◆ Prompt: Only the lines from the one with "Foto del paso" through the end of the data below belong in the answer, restated word for word, pictures excluded.

◆ Input data:
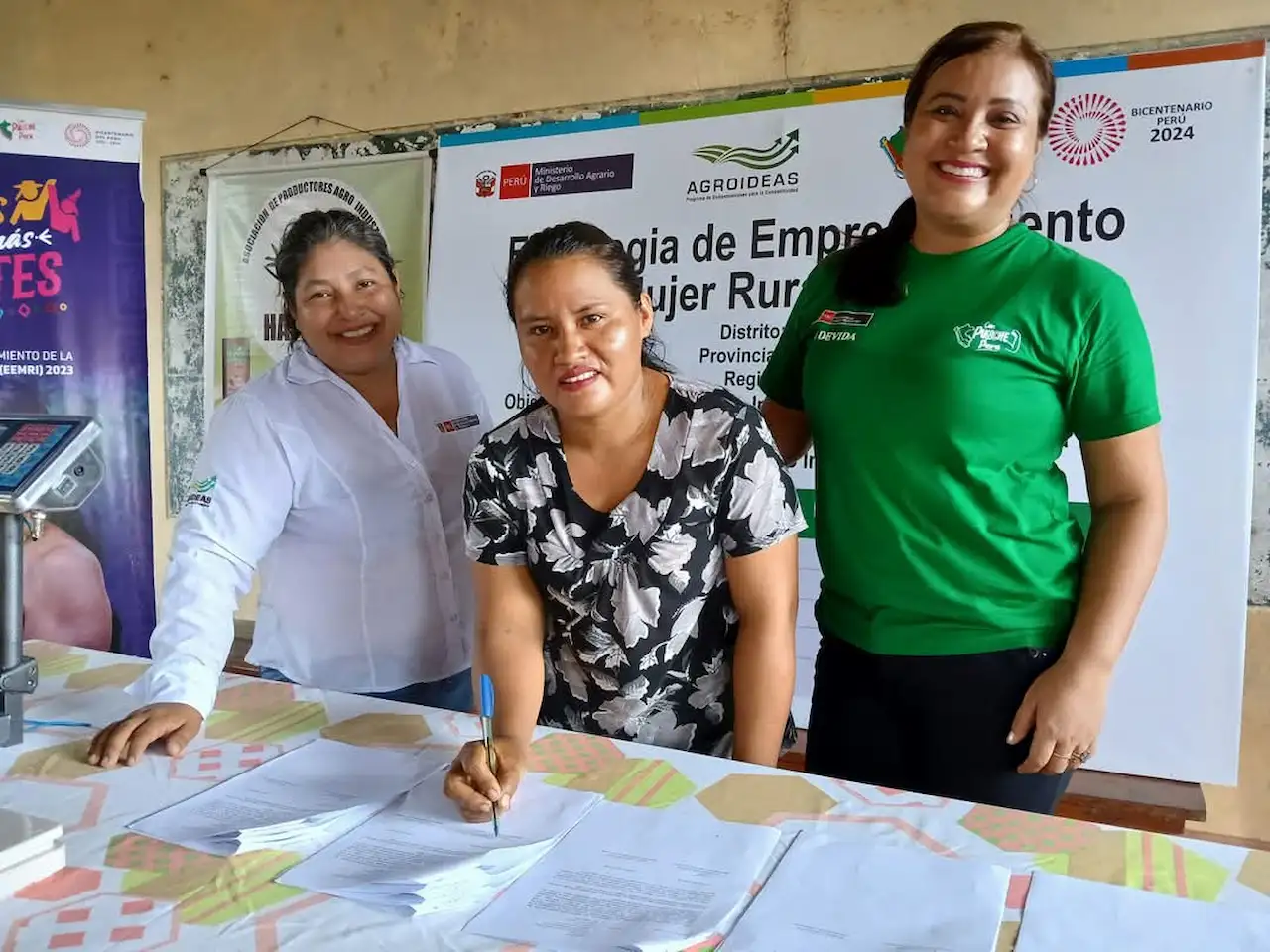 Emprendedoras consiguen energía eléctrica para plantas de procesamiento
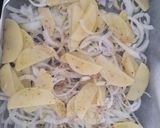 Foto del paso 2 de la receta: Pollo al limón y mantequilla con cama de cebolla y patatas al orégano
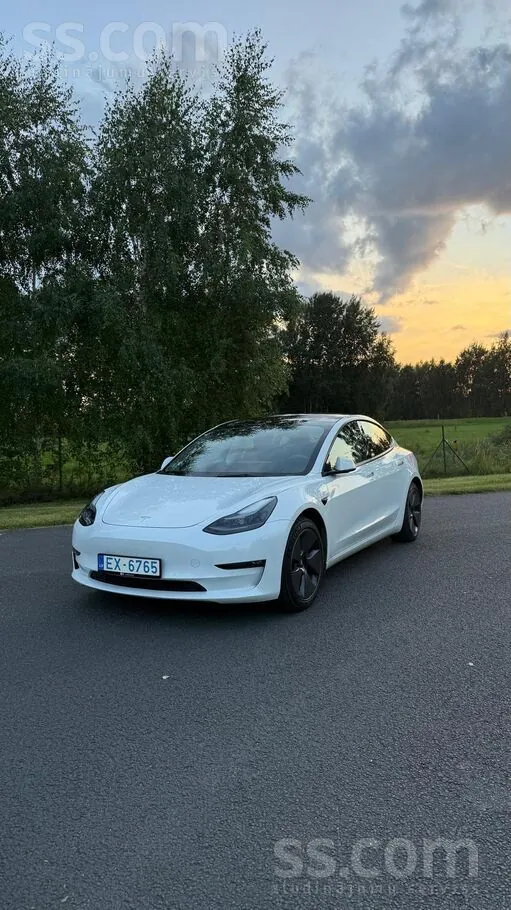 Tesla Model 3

◆ Answer space:
 Foto del paso 2 de la receta: Pollo al limón y mantequilla con cama de cebolla y patatas al orégano
 Tesla Model 3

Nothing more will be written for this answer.